Survey-Weighted Correlation (Pearson, Polychoric, Polyserial)

Compute pairwise correlations between two or more variables in a survey design, with design-based standard errors and confidence intervals. Returns results in long or wide format. The estimator is selected by method: "pearson" (default) for two numeric variables, "polychoric" for two ordinal variables under a bivariate-normal latent model (Olsson 1979), or "polyserial" for one ordinal + one continuous variable (Cox 1974). The survey-weighted polychoric and polyserial estimators (point estimates and design-based variance) are implemented from scratch following Mannan (2025); they are not derived from the survey package, which does not provide these estimators.

Usage

get_corr(
  design,
  x,
  group = NULL,
  format = c("long", "wide"),
  redundant = FALSE,
  diagonal = FALSE,
  variance = "ci",
  conf_level = 0.95,
  n_weighted = FALSE,
  decimals = NULL,
  min_cell_n = 30L,
  na.rm = TRUE,
  label_values = TRUE,
  label_vars = TRUE,
  name_style = "surveycore",
  method = "pearson",
  ...,
  .id = NULL,
  .if_missing_var = NULL
)

Arguments

design

A survey design object: survey_taylor, survey_replicate, survey_twophase, or survey_nonprob. method values "polychoric" and "polyserial" are supported on survey_taylor and survey_replicate only; other design classes raise surveycore_error_polychoric_design_unsupported.

x

<tidy-select> Two or more unquoted variable names.
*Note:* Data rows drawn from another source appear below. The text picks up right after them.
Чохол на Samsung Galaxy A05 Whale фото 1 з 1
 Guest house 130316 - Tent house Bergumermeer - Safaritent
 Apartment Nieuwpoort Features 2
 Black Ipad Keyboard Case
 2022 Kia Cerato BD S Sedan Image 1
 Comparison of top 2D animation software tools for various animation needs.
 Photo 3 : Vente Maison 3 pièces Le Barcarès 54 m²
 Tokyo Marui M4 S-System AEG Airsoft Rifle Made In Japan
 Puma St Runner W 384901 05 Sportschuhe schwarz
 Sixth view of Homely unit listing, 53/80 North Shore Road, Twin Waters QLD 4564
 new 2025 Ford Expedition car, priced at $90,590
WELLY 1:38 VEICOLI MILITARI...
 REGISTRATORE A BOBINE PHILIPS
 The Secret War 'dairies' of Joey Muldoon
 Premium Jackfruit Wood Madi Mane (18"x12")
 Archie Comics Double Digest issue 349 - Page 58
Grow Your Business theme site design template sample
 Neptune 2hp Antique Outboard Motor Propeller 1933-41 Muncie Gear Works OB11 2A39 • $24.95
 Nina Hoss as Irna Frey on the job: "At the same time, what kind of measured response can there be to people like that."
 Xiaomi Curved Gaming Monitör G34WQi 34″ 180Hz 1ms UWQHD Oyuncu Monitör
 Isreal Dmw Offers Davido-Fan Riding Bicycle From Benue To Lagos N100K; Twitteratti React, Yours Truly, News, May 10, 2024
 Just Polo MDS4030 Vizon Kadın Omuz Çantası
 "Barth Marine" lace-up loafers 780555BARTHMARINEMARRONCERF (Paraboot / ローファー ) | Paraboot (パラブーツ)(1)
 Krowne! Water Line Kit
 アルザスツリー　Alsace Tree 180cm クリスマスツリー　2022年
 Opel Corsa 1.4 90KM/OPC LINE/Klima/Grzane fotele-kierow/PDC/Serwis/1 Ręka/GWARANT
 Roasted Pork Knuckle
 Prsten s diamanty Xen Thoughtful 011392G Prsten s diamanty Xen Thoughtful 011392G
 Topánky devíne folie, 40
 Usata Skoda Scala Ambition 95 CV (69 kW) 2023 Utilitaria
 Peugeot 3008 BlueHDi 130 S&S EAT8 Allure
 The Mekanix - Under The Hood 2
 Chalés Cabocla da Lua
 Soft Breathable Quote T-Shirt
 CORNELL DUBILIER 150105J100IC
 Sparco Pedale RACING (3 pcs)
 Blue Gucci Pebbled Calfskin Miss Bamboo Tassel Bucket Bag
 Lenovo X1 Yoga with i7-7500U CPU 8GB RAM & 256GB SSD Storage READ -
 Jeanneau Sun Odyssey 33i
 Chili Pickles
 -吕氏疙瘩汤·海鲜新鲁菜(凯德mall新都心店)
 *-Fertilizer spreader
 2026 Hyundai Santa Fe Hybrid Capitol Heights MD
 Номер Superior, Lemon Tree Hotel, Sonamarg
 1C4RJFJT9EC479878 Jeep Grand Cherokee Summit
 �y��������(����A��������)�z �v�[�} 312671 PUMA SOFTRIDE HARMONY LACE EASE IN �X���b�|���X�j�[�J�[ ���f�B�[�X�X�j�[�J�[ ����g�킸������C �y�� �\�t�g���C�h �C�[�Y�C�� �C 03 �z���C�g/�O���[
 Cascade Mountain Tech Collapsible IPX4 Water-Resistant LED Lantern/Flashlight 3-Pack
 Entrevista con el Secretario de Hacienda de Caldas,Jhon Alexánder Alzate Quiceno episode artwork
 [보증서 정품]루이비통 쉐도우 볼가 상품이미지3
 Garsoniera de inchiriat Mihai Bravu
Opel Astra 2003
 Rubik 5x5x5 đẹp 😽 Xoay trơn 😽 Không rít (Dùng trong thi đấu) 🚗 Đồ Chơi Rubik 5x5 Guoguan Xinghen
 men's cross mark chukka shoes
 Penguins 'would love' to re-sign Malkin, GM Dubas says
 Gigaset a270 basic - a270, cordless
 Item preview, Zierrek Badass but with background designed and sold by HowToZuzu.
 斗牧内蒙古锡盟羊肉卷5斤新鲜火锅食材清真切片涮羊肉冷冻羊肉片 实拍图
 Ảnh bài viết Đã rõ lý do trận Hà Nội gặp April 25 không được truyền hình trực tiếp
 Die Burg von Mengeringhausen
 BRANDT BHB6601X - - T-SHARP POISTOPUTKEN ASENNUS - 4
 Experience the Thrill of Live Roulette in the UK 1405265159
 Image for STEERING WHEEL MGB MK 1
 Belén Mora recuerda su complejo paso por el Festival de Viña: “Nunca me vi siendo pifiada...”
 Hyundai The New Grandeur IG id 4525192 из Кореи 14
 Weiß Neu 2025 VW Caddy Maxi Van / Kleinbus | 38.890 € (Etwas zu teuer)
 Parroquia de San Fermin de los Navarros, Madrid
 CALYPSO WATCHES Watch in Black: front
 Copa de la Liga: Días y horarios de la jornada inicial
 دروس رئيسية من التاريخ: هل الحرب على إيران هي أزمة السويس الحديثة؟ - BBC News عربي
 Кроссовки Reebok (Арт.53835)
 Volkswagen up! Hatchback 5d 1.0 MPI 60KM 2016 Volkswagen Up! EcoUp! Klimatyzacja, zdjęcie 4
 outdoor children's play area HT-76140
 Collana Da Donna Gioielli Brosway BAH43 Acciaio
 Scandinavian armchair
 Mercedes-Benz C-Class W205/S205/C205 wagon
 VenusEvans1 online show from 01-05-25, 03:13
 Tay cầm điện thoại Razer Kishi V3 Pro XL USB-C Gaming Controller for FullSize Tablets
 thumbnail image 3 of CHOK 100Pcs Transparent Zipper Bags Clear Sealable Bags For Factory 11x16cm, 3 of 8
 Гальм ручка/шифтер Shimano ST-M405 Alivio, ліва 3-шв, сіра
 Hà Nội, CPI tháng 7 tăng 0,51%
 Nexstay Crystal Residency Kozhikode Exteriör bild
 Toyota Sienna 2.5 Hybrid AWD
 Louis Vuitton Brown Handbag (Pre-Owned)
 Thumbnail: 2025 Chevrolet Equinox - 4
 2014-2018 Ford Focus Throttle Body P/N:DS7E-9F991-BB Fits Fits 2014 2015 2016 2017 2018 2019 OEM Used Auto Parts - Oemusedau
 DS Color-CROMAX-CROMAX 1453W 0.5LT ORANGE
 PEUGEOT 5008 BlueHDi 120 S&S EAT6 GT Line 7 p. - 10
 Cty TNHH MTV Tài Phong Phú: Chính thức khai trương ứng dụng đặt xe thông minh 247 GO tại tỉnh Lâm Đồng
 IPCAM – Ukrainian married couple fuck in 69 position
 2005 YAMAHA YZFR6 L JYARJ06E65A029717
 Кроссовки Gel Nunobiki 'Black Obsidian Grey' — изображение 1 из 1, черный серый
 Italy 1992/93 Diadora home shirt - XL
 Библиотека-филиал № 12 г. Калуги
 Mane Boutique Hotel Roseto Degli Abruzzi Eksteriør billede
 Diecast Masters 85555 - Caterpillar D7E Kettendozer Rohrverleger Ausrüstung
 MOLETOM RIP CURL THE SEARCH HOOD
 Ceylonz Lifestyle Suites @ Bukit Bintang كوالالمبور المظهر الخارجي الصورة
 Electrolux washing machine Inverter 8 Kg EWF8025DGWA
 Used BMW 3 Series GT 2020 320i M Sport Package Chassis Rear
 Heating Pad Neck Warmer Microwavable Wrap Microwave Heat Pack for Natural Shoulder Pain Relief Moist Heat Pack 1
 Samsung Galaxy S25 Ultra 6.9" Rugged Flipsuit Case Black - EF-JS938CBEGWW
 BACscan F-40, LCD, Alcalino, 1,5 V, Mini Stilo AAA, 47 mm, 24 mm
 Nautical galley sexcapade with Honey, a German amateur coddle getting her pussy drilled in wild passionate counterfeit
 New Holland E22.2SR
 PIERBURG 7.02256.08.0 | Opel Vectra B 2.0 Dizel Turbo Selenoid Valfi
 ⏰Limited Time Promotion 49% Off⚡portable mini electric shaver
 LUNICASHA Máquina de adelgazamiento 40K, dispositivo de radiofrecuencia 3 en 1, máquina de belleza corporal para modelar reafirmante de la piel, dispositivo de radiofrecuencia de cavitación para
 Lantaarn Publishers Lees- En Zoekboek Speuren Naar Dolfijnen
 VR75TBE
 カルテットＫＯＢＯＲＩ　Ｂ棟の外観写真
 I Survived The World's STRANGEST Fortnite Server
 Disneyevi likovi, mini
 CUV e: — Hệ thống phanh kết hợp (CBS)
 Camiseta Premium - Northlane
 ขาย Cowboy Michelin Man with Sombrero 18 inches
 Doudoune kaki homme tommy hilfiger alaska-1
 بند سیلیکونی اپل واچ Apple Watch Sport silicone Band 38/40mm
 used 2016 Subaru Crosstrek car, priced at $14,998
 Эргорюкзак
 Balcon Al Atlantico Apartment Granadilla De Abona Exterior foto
For method = "pearson", non-numeric columns are dropped with a warning. For method = "polychoric", every selected column must classify as ordinal (ordered factor, unordered factor, or integer with <= 10 distinct values) — non-ordinal columns raise surveycore_error_polychoric_requires_ordinal. For method = "polyserial", each pair is canonicalized by type (one ordinal

one continuous); logical / character / high-cardinality integer columns raise surveycore_error_polyserial_canonicalization_ambiguous.

group

<tidy-select> Optional grouping variable(s). Combined with any grouping set by group_by(). Default NULL.

format

"long" (default) or "wide". Long format returns one row per variable pair with inference statistics. Wide format returns the correlation matrix (r values only — no variance or inference columns). When group is active, group columns are prepended in both formats. Case-sensitive.

redundant

Logical. If FALSE (default), each pair appears once (lower triangle: pairs where var1 precedes var2 in input order). If TRUE, both (A, B) and (B, A) are included (full directed pairs). Only affects long format; wide format always shows the full symmetric matrix.

diagonal

Logical. If FALSE (default), self-correlations are excluded (diagonal is NA in wide format). If TRUE, self-correlations (r equals 1) are included.

variance

NULL or a character vector of one or more of "se", "ci", "var", "cv", "moe", "deff". Default "ci". CI bounds use the Fisher Z transform (guaranteeing bounds in (-1, 1)). Only applies to long format.

conf_level

Numeric scalar in (0, 1). Default 0.95.

n_weighted

Logical. If TRUE, add an n_weighted column with the pairwise sum of weights (both variables non-NA). Default FALSE.

decimals

Integer or NULL. If an integer, rounds all numeric output columns (e.g., r, se, ci_low, ci_high) to this many decimal places. Default NULL (no rounding).

min_cell_n

Integer. Minimum pairwise unweighted count before surveycore_warning_small_cell fires. Default 30L (AAPOR guidance).

na.rm

Logical. If TRUE (default), pairs use complete cases for each variable pair separately (pairwise deletion), and observations where any group variable is NA are excluded from the output. If FALSE, pairwise complete cases are still used for each variable pair, and observations where a group variable is NA are collected into their own group row in the output (appearing after all non-NA group rows).

label_values

Logical. If TRUE (default) and the grouping variable has value labels, the group column is converted to a labelled factor. Has no visible effect when no groups are active.

label_vars

Logical. If TRUE (default) and variable labels are set in metadata, var1/var2 columns (long) and variable column (wide) show labels instead of raw names. Falls back to raw names if labels are unset.

name_style

"surveycore" (default) or "broom". When "broom", renames r → estimate, se → std.error, etc. Only affects long format.

method

Character(1). Estimator applied to every pair. One of "pearson" (default, sample-based product-moment correlation), "polychoric" (MLE under a bivariate-normal latent model for two ordinal variables), or "polyserial" (MLE for one ordinal + one continuous variable). The same method applies to every pair; it cannot be vectorised. Non-matching values raise the standard base::match.arg() signal.

...

Unused. Reserved so that .id and .if_missing_var remain named-only when a survey_collection is passed as design.

.id

Character(1) or NULL. Column name used to identify each survey when design is a survey_collection. For collection inputs, NULL (the default) resolves to the collection's stored @id property. Pass a non-NULL value to override. Ignored when design is a single survey.

.if_missing_var

"error", "skip", or NULL. How to handle surveys in a collection that lack one of the requested NSE variables. For collection inputs, NULL (the default) resolves to the collection's stored @if_missing_var property. Pass a non-NULL value to override. Ignored when design is a single survey.

Value

A survey_corr tibble (also inheriting survey_result).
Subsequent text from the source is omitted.